The hapless teenagers had to pitch a cookbook to booksellers. One team decided to go with a cookbook ‘for professional women.’ In a scene I rather hope a lot of ad professionals watched, every single member of the market research group said ‘why just women? Surely men like food too?’ But apparently not.
The team, against all advice to the contrary, decided that Professional Women were a niche market that needed to be targeted with something radically different. Something that only women like. Clearly taking a leaf out of STK London’s book, the food they selected for these women was ‘quick, fresh and healthy’.
I won’t go into the details, and I don’t want to pick on these poor youngsters – they’re clearly doing what they see ad execs and marketing people and ALAN FUCKING SUGAR doing all the bloody time.
The point I’m making is that Lord Sugar shitcanned them. He criticised a bunch of 17-year-olds for making patronising assumptions that even fully-paid-up restaurant marketing executives make. Moreover, a mistake that he made himself just one week later by tweeting “Hey ladies, get your generous bosses to give you a pink nail file as a Christmas bonus.”
I won’t buy your shit just because you painted it pink
Marketers, you’re way better than this, you know that?
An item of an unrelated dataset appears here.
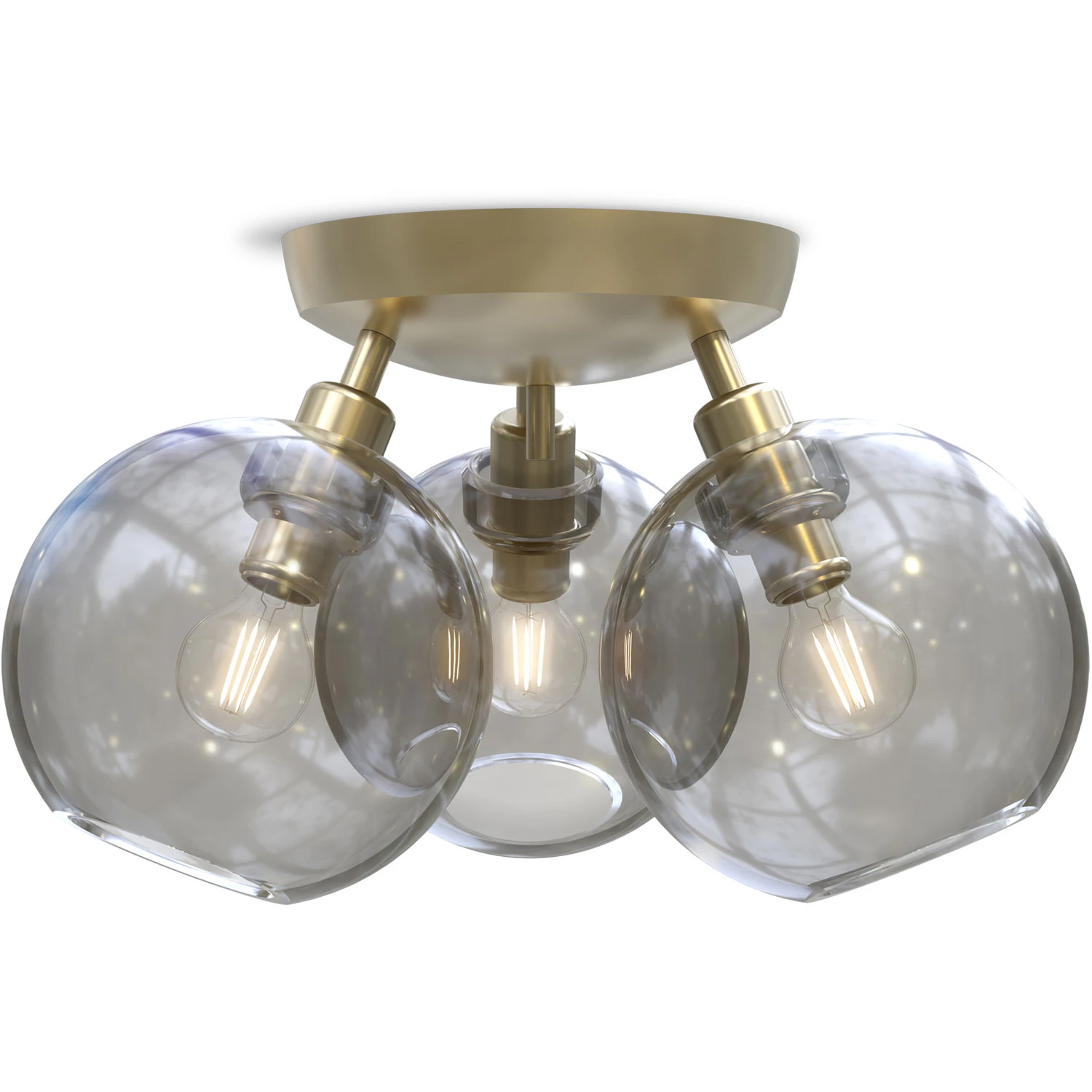 Belid Gloria Plafond 330 Mm / R&ouml;kt - Plafonder Glas M&auml;ssing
There have been some masterpieces of advertising created in the last 5-10 years. Ads can make us laugh, cry, reminisce, and – yes – more often than not open our fucking wallets.
But you don’t need to stoop to this level. You don’t need to patronise women and imply that we’re incapable of enjoying certain things unless they’ve been packaged for us, labelled ‘fresh’ and covered in sparkly glitter. Sure, some people might want pink iPod nanos or lilac convertibles, so make ‘em if you want to, just don’t label it the ‘ladies version’. You’ll piss off a lot of ladies, and more than a few pink-loving men.
You need to become more varied, more interesting and more inclusive. But even if you can’t reach these lofty heights, can you at least try to be better than a bunch of terrified teenagers on The Apprentice?